BEGIN
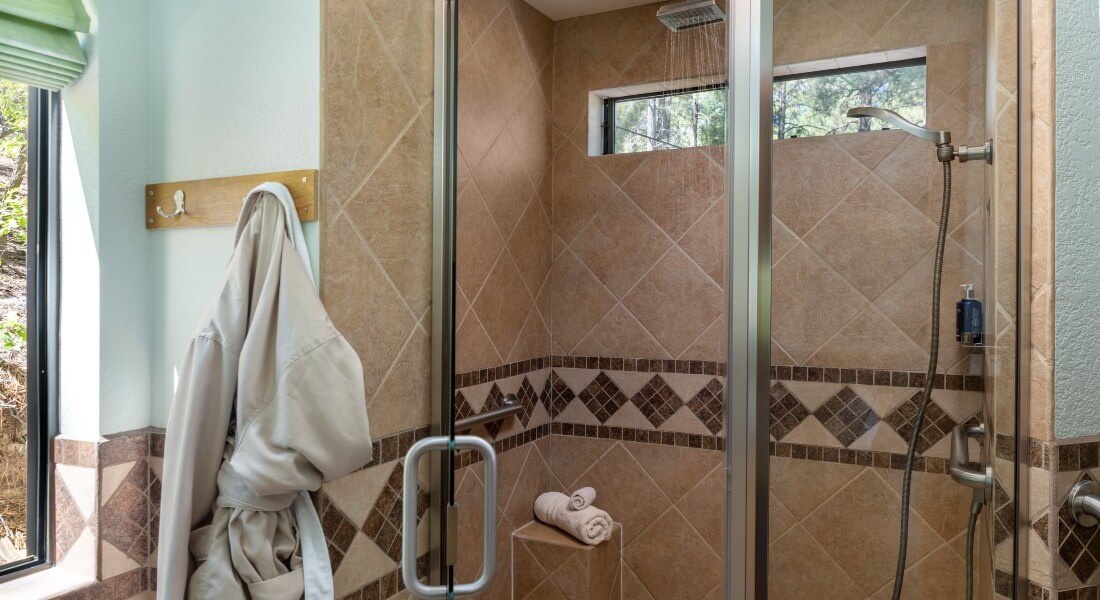 Large walk-in tiled rainshower with open glass door and bathroom on a hook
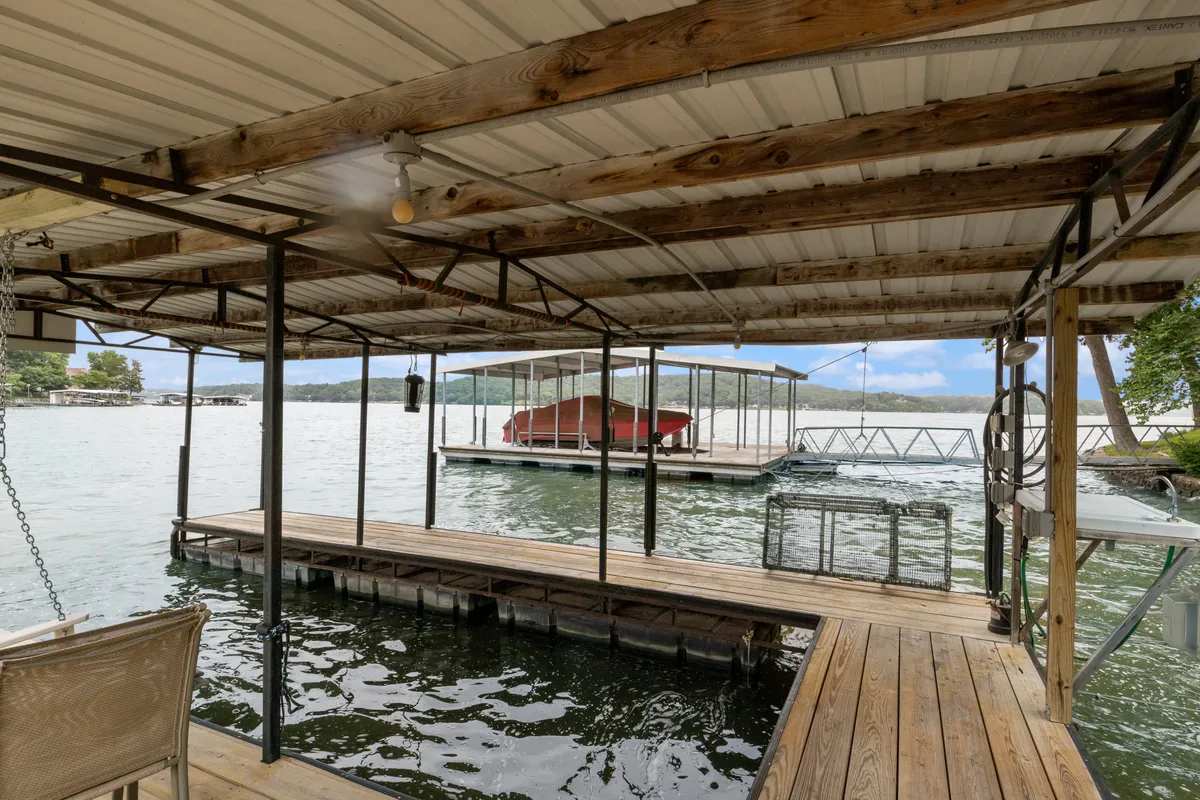 A peaceful wooden dock and boathouse extend out onto the water, framed by surrounding greenery. The setting suggests a tranquil place for boating, fishing, launching kayaks or paddleboards, and gathering with loved ones.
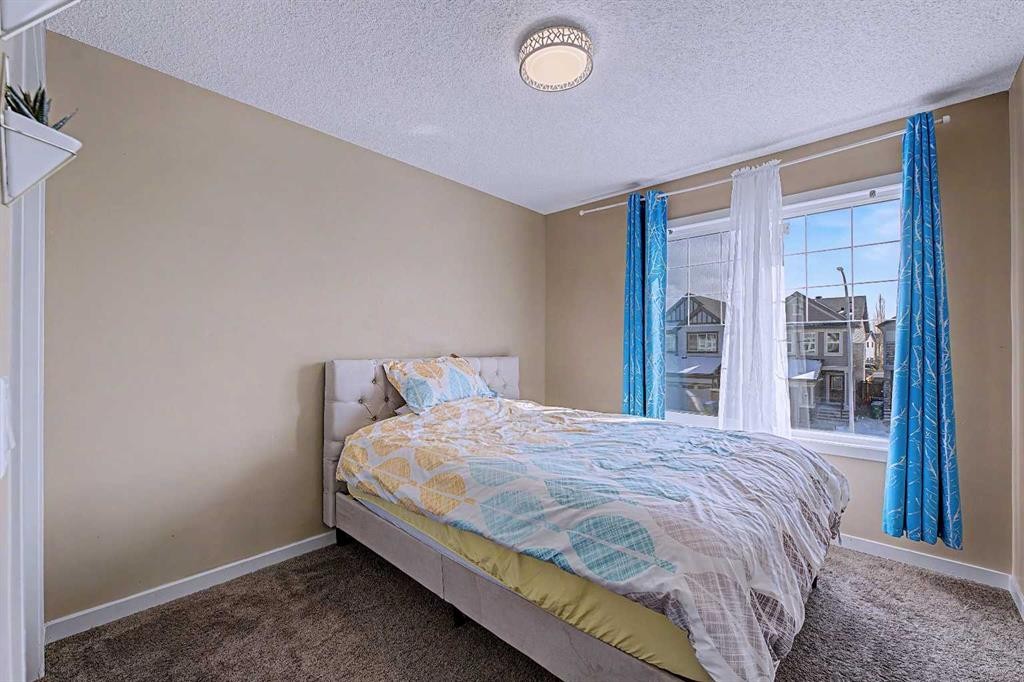 80 Chaparral Valley Crescent Se, Calgary, AB - Indoor Photo Showing Bedroom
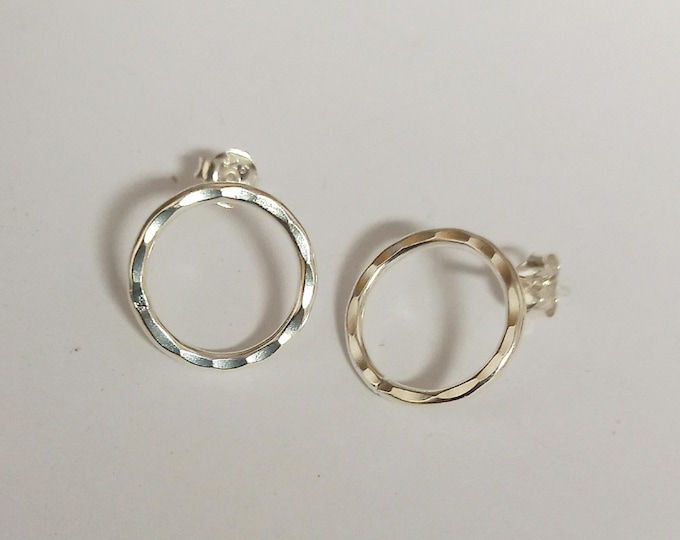 Sterling silver small handmade stud earrings with hammered structure.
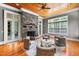 Cozy living room featuring a stone fireplace, wood ceiling, and comfortable seating at 1820 Oatlands Court Ct, Wake Forest, NC 27587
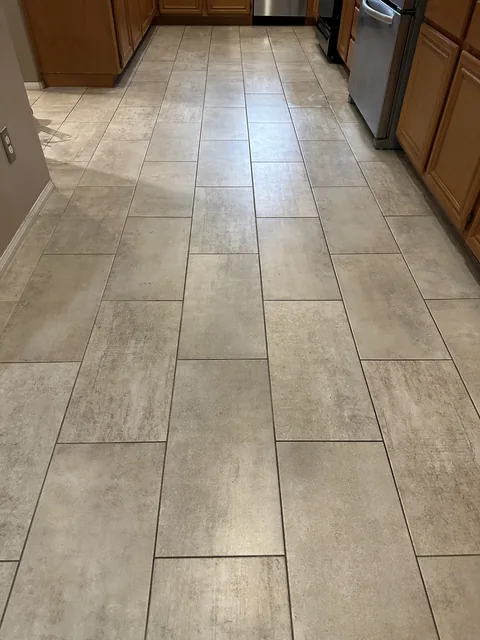 Rectangular kitchen tile and grout before cleaning: Dark grout lines around the long rectangular tiles in a kitchen walkway.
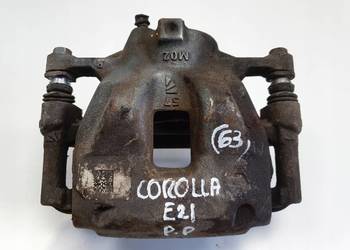 Toyota Corolla XII E21 PRZEDNI ZACISK HAMULCOWY prawy przód PASAŻERA P.P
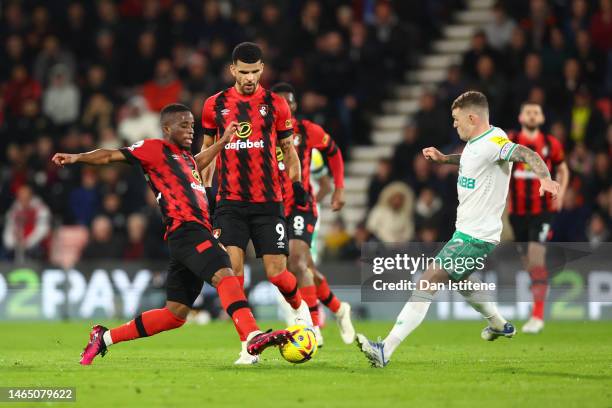 Hamed Junior Traore of AFC Bournemouth is challenged by Kieran Trippier of Newcastle United during the Premier League match between AFC Bournemouth...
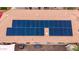 Roof of a single Gathering home featuring photovoltaic solar panels installed across the back of the property at 4152 S Bandit Ct, Gilbert, AZ 85297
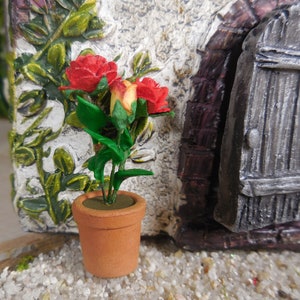 May include: A miniature terracotta pot with a small rose plant. The plant features red and yellow roses with green leaves. The pot is set against a textured, white and green background, near a miniature door.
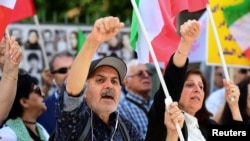 People react to the verdict of the trial of Hamid Nouri, a former Iranian official accused of crimes against international law and murder in Iran in 1988, outside the Stockholm District Court on July 14, 2022. (Chris Anderson/TT News Agency/via Reuters)
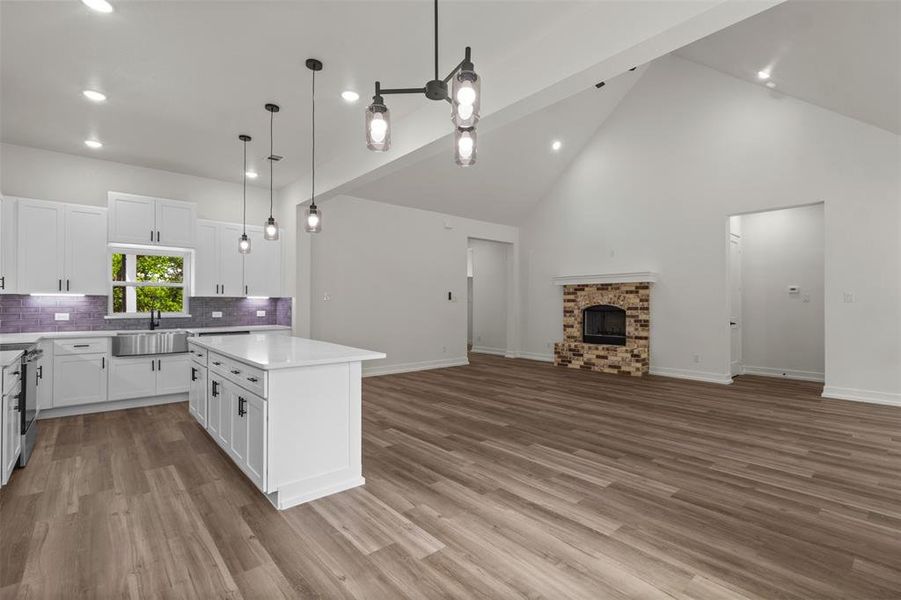 The property features an open-concept living space with vaulted ceilings, a brick and stone fireplace, and wood-look flooring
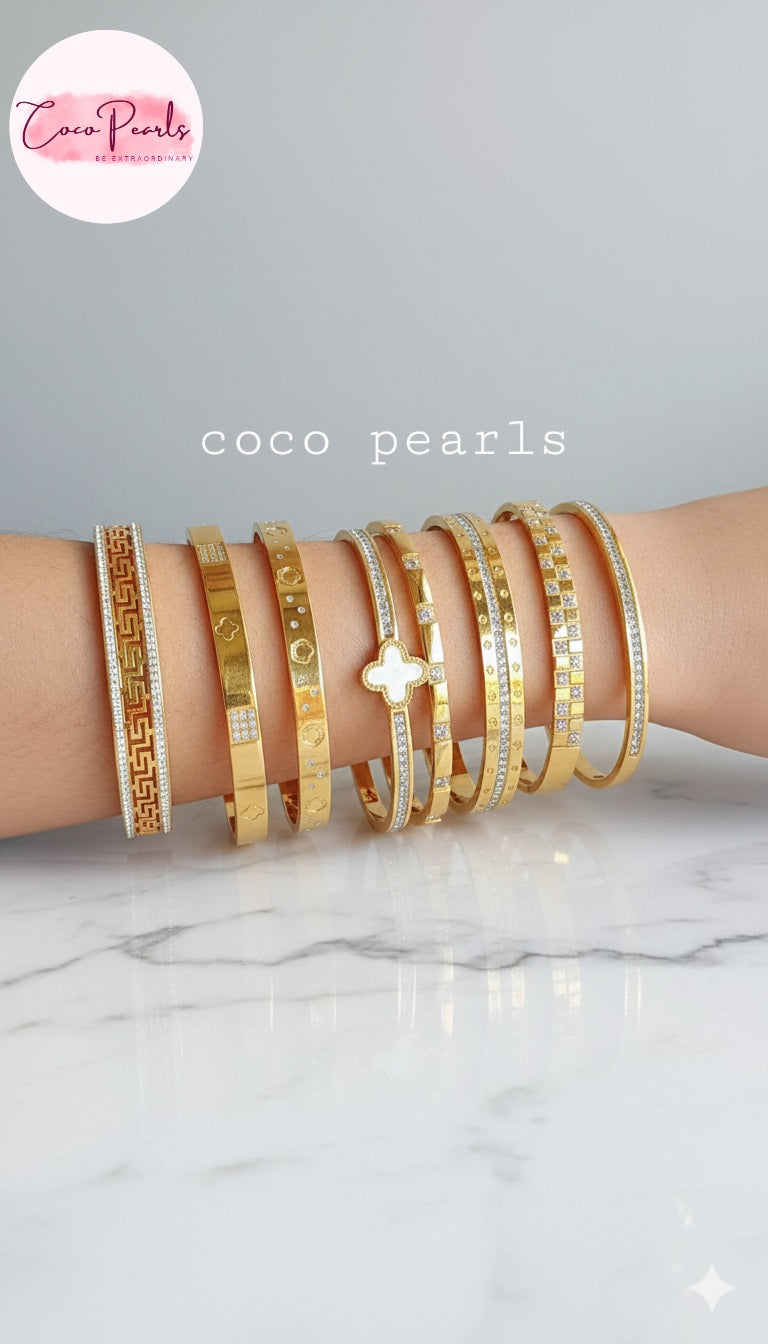 Coco Pearls Stainless Steel Anti tarnish gold stack of handcuffs displayed on hand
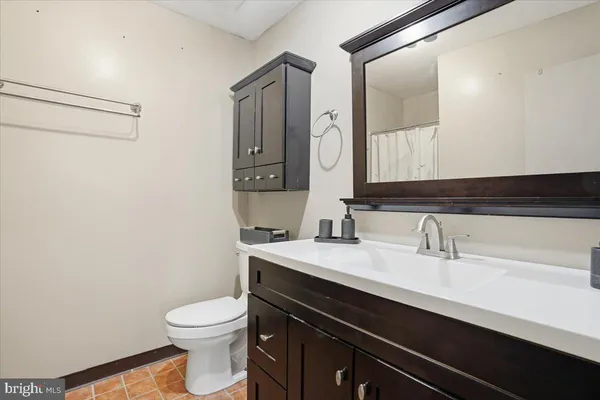 a bathroom with a sink a toilet a mirror and vanity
END
WHAT THIS TASK INVOLVES:
Leaving every picture out, repeat each line of the material exactly.

RESULT OF THE TASK:
 Large walk-in tiled rainshower with open glass door and bathroom on a hook
 A peaceful wooden dock and boathouse extend out onto the water, framed by surrounding greenery. The setting suggests a tranquil place for boating, fishing, launching kayaks or paddleboards, and gathering with loved ones.
 80 Chaparral Valley Crescent Se, Calgary, AB - Indoor Photo Showing Bedroom
 Sterling silver small handmade stud earrings with hammered structure.
 Cozy living room featuring a stone fireplace, wood ceiling, and comfortable seating at 1820 Oatlands Court Ct, Wake Forest, NC 27587
 Rectangular kitchen tile and grout before cleaning: Dark grout lines around the long rectangular tiles in a kitchen walkway.
 Toyota Corolla XII E21 PRZEDNI ZACISK HAMULCOWY prawy przód PASAŻERA P.P
 Hamed Junior Traore of AFC Bournemouth is challenged by Kieran Trippier of Newcastle United during the Premier League match between AFC Bournemouth...
 Roof of a single Gathering home featuring photovoltaic solar panels installed across the back of the property at 4152 S Bandit Ct, Gilbert, AZ 85297
 May include: A miniature terracotta pot with a small rose plant. The plant features red and yellow roses with green leaves. The pot is set against a textured, white and green background, near a miniature door.
 People react to the verdict of the trial of Hamid Nouri, a former Iranian official accused of crimes against international law and murder in Iran in 1988, outside the Stockholm District Court on July 14, 2022. (Chris Anderson/TT News Agency/via Reuters)
 The property features an open-concept living space with vaulted ceilings, a brick and stone fireplace, and wood-look flooring
 Coco Pearls Stainless Steel Anti tarnish gold stack of handcuffs displayed on hand
 a bathroom with a sink a toilet a mirror and vanity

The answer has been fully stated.